## AIM OF THE EXERCISE
Retype everything in the listing, leaving each line exactly as it is.

## DATA BLOCK
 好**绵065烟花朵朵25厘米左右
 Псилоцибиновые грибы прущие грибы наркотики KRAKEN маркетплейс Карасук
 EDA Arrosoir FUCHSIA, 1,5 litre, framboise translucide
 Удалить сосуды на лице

## YOUR RESPONSE
 好**绵065烟花朵朵25厘米左右
 Псилоцибиновые грибы прущие грибы наркотики KRAKEN маркетплейс Карасук
 EDA Arrosoir FUCHSIA, 1,5 litre, framboise translucide
 Удалить сосуды на лице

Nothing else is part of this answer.